Sophia Batchelor

Personal information
- Born: 20 April 1995 (age 31)

Medal record
Women's swimming
Representing New Zealand
Commonwealth Youth Games
| Gold medal – first place | 2011 Commonwealth Youth Games | 100m butterfly |
| Silver medal – second place | 2011 Commonwealth Youth Games | 50m butterfly |
| Bronze medal – third place | 2011 Commonwealth Youth Games | 200m backstroke |
| Bronze medal – third place | 2011 Commonwealth Youth Games | 4 x 100m medley relay |

= Sophia Batchelor =

New Zealand swimmer

Sophia Batchelor (born 20 April 1995 in Canterbury, New Zealand) is a swimmer and neuroscientist from New Zealand who competed at the 2013 World Aquatics Championships. In 2013, she enrolled at the University of California, Berkeley, moved later to the University of Florida and is working at her PhD in University of Leeds in Cognitive Neuroscience.
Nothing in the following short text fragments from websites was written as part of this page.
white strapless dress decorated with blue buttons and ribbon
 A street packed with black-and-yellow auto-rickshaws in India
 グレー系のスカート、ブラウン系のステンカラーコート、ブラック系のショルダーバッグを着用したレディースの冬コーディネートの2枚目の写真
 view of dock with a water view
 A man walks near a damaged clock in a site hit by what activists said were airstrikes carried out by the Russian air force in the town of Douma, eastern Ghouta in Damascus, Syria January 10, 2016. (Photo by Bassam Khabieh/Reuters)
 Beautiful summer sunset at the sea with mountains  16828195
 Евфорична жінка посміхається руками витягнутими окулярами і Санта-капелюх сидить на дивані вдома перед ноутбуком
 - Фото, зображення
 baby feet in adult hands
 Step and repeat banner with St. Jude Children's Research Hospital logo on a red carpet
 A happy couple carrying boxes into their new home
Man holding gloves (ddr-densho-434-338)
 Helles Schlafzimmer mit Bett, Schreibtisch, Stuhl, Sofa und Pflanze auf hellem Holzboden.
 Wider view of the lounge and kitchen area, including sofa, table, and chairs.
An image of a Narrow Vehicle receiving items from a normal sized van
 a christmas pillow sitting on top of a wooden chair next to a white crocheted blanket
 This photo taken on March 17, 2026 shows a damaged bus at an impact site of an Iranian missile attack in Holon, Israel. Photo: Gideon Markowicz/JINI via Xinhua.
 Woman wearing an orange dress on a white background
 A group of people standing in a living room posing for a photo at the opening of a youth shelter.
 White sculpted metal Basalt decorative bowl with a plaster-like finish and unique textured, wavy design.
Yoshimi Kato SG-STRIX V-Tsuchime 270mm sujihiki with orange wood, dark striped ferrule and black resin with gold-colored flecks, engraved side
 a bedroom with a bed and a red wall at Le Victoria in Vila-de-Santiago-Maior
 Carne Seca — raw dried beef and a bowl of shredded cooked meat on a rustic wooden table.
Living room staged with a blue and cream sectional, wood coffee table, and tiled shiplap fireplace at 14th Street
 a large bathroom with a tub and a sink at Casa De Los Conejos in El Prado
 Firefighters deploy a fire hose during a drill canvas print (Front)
At the 2011 Commonwealth Youth Games Batchelor won the gold medal in women's 100m butterfly in 58.63 seconds. She also won a silver medal in the 50m butterfly and bronze medals in the 200m backstroke and 4 × 100 m medley relay.

Batchelor has set over 100 New Zealand records in age-group and open events.

As a scientist specialised in Human Computer Interaction (relating to her neuroscience background with immersive technologies), she was awarded the Nextant Rising Star Prize. "The Nextant Prize is awarded to a person whom others can turn to for inspiration and guidance with their work in immersive technologies."